[Records drawn from a dataset]
+++

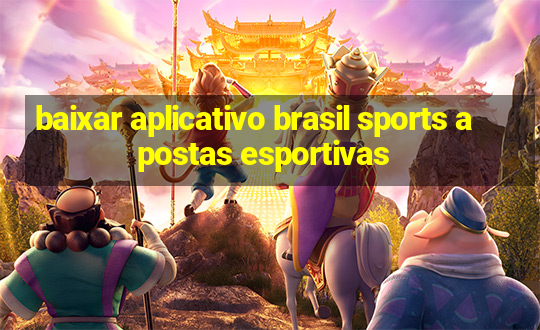 baixar aplicativo brasil sports apostas esportivas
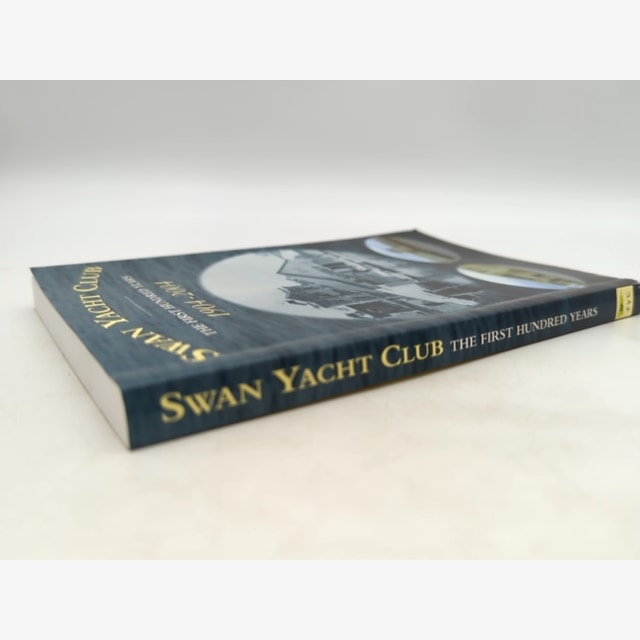 Swan Yacht Club First Hundred Years, compiled Graham Crofts, Australian History by Graham Crofts, William Pratley — photo 3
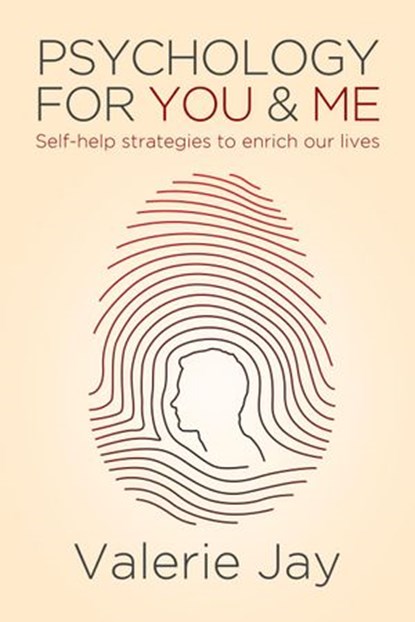 Psychology for You and Me: Self-help Strategies to Enrich Our Lives, Valerie Jay - Ebook - 9781925579192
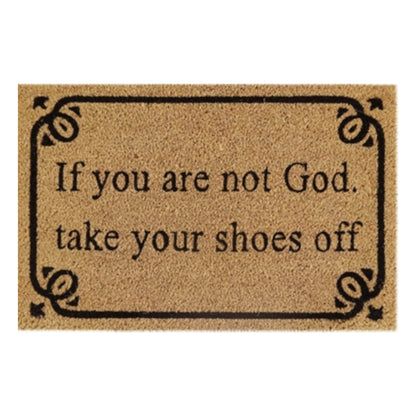 60cm x 40cm Doormat with 'If You Are Not God Take Your Shoes Off' Design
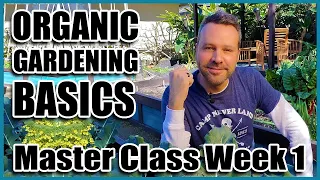 Organic Gardening Basics  - Week 1 of 4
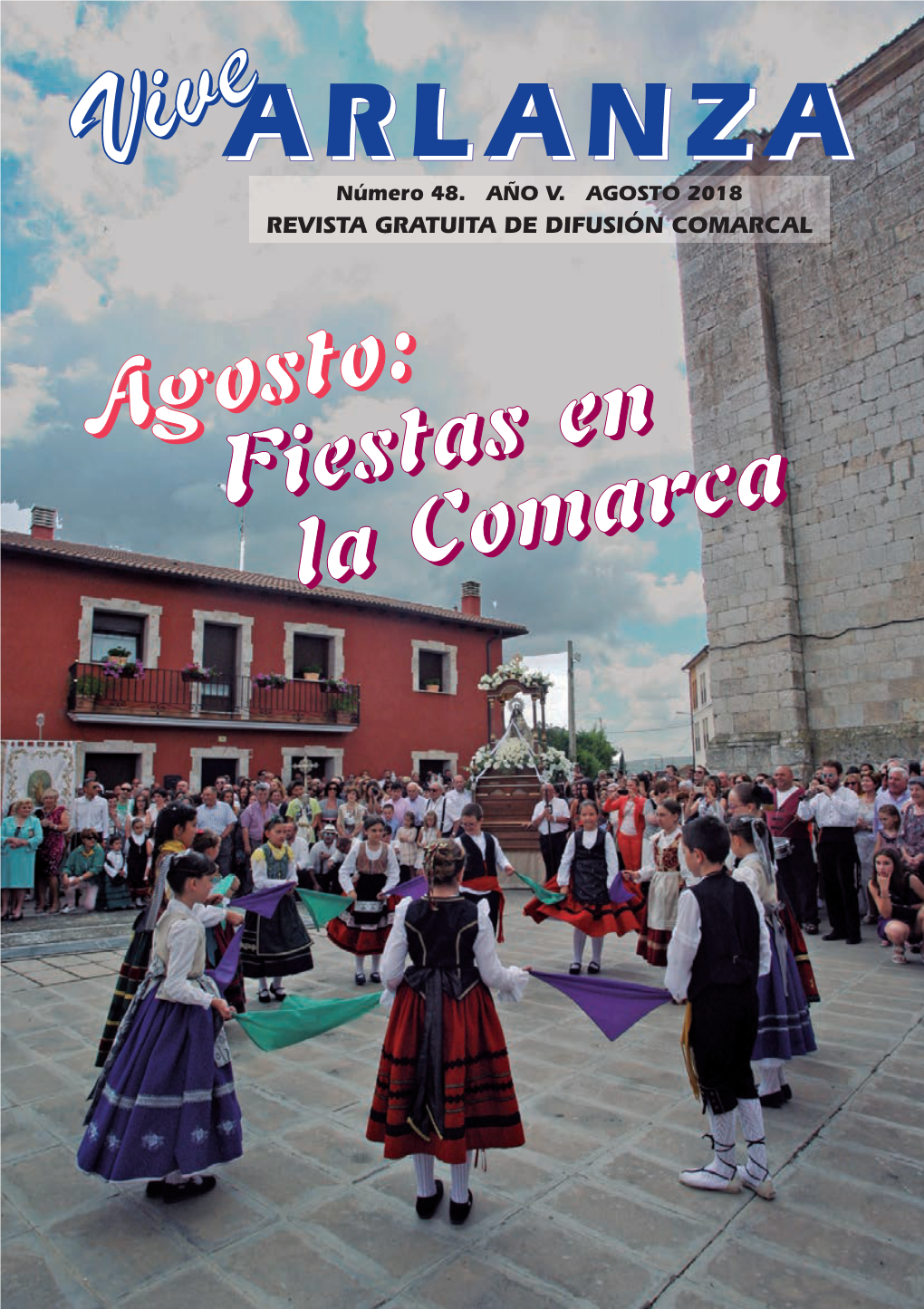 48. Agosto 2018. Fiestas En La Comarca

+++

EXERCISE DETAILS
There should be an exact restatement of the lines from the line with "60cm x 40cm" through the last line of the entries above, and no pictures in it.

RESPONSE FOR THIS EXERCISE
 60cm x 40cm Doormat with 'If You Are Not God Take Your Shoes Off' Design
 Organic Gardening Basics  - Week 1 of 4
 48. Agosto 2018. Fiestas En La Comarca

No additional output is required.